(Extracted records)
- Opening Delimiter -
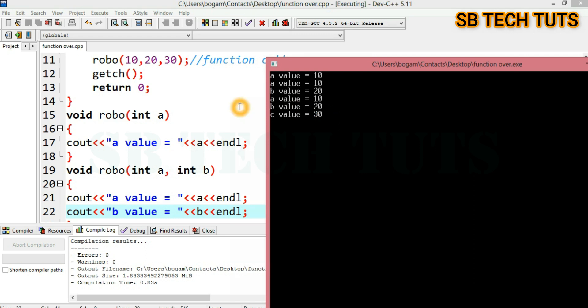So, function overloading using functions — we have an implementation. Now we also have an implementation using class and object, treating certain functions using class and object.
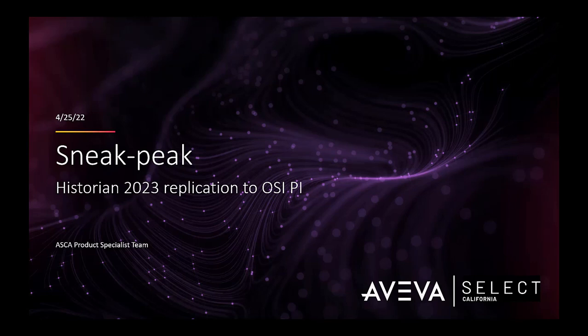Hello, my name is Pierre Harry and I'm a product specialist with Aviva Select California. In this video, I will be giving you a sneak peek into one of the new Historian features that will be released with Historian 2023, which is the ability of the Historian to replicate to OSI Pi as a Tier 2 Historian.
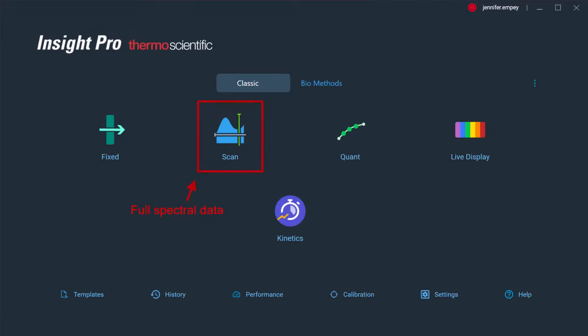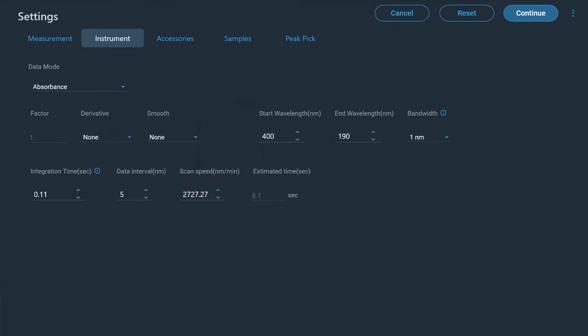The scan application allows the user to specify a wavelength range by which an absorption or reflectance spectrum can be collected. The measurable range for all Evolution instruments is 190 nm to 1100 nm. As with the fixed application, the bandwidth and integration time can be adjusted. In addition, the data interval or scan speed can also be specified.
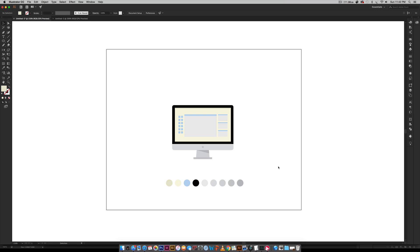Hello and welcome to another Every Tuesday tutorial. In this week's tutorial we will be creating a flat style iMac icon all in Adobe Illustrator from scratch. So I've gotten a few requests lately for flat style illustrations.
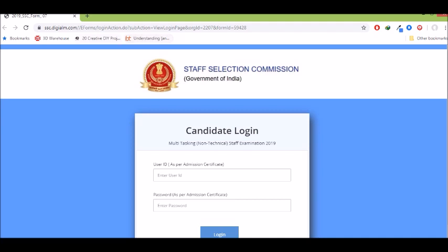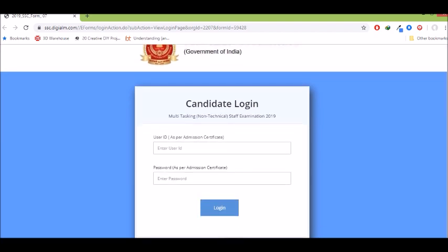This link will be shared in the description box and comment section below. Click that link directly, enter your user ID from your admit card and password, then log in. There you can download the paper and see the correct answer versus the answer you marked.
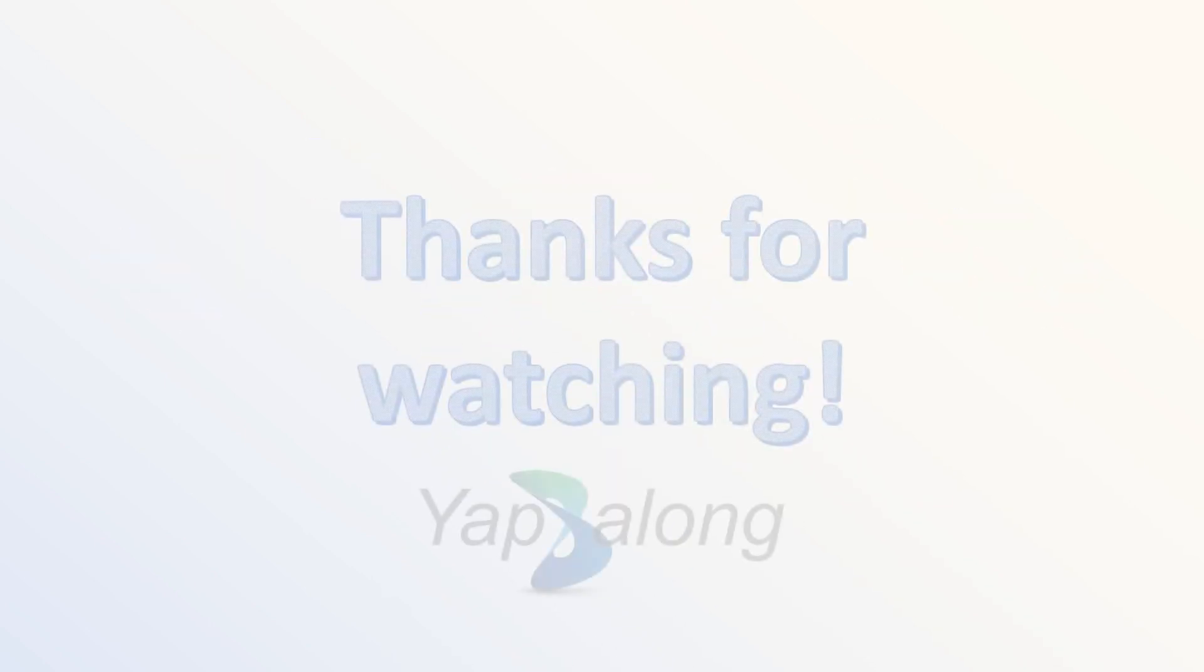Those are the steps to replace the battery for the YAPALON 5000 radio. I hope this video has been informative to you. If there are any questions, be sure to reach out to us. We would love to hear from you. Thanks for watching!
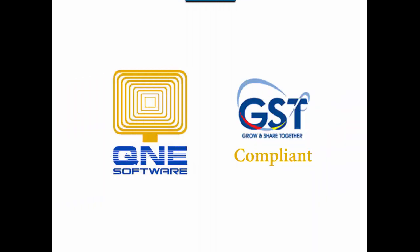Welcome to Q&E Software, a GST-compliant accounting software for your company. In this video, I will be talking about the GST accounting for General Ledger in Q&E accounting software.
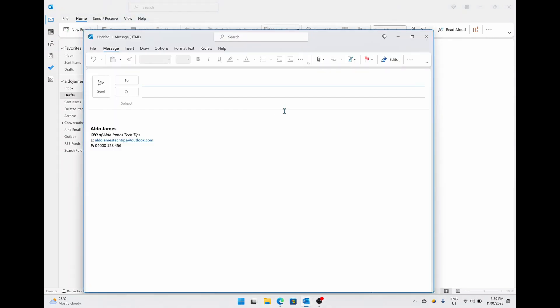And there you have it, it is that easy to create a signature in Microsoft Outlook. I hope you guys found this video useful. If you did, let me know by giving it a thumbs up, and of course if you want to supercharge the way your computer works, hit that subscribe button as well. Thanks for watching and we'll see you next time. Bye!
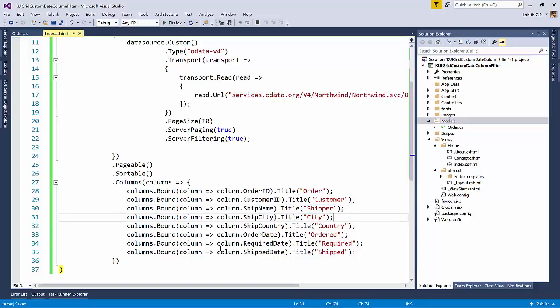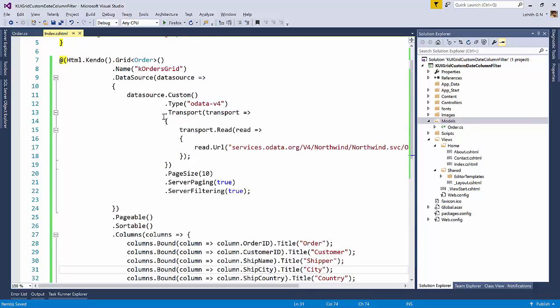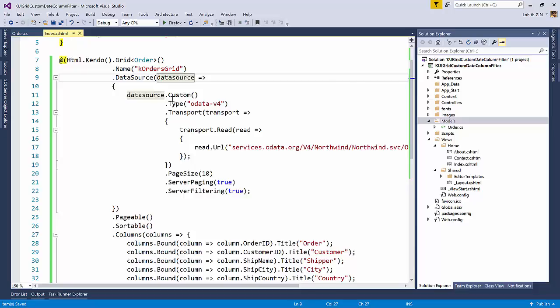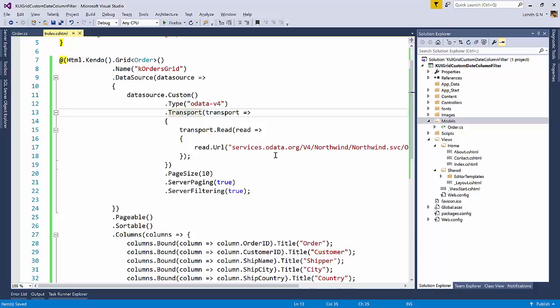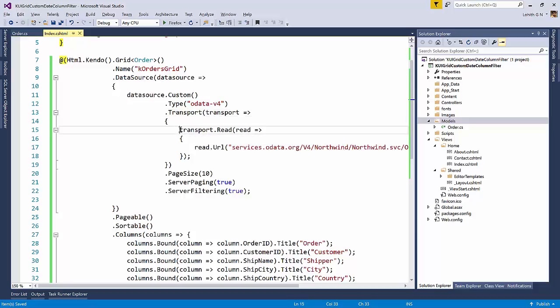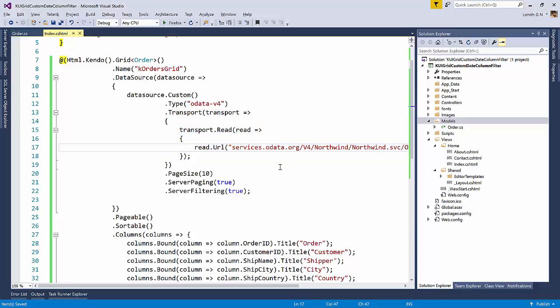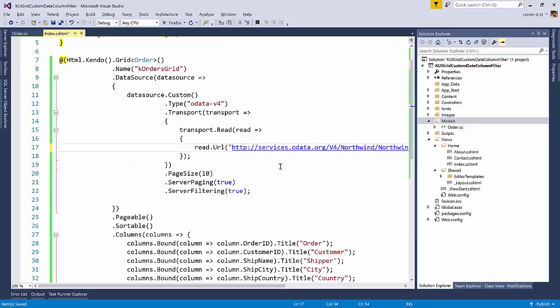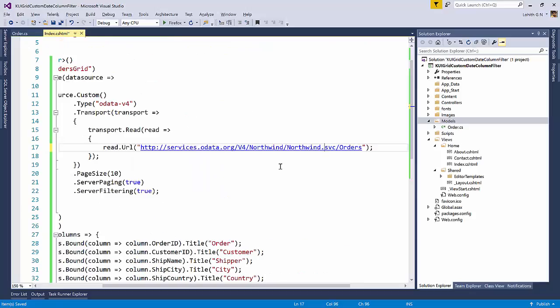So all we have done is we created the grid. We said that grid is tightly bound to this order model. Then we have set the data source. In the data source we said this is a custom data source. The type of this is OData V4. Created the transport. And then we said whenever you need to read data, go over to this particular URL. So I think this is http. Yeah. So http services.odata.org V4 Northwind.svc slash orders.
- Closing Delimiter -
**WHAT THE TASK REQUIRES:**
Output the line that contains "The scan application" and every subsequent line through the end of the entries, exactly as given, without pictures.

**EXERCISE RESPONSE:**
The scan application allows the user to specify a wavelength range by which an absorption or reflectance spectrum can be collected. The measurable range for all Evolution instruments is 190 nm to 1100 nm. As with the fixed application, the bandwidth and integration time can be adjusted. In addition, the data interval or scan speed can also be specified.
Hello and welcome to another Every Tuesday tutorial. In this week's tutorial we will be creating a flat style iMac icon all in Adobe Illustrator from scratch. So I've gotten a few requests lately for flat style illustrations.
This link will be shared in the description box and comment section below. Click that link directly, enter your user ID from your admit card and password, then log in. There you can download the paper and see the correct answer versus the answer you marked.
Those are the steps to replace the battery for the YAPALON 5000 radio. I hope this video has been informative to you. If there are any questions, be sure to reach out to us. We would love to hear from you. Thanks for watching!
Welcome to Q&E Software, a GST-compliant accounting software for your company. In this video, I will be talking about the GST accounting for General Ledger in Q&E accounting software.
And there you have it, it is that easy to create a signature in Microsoft Outlook. I hope you guys found this video useful. If you did, let me know by giving it a thumbs up, and of course if you want to supercharge the way your computer works, hit that subscribe button as well. Thanks for watching and we'll see you next time. Bye!
So all we have done is we created the grid. We said that grid is tightly bound to this order model. Then we have set the data source. In the data source we said this is a custom data source. The type of this is OData V4. Created the transport. And then we said whenever you need to read data, go over to this particular URL. So I think this is http. Yeah. So http services.odata.org V4 Northwind.svc slash orders.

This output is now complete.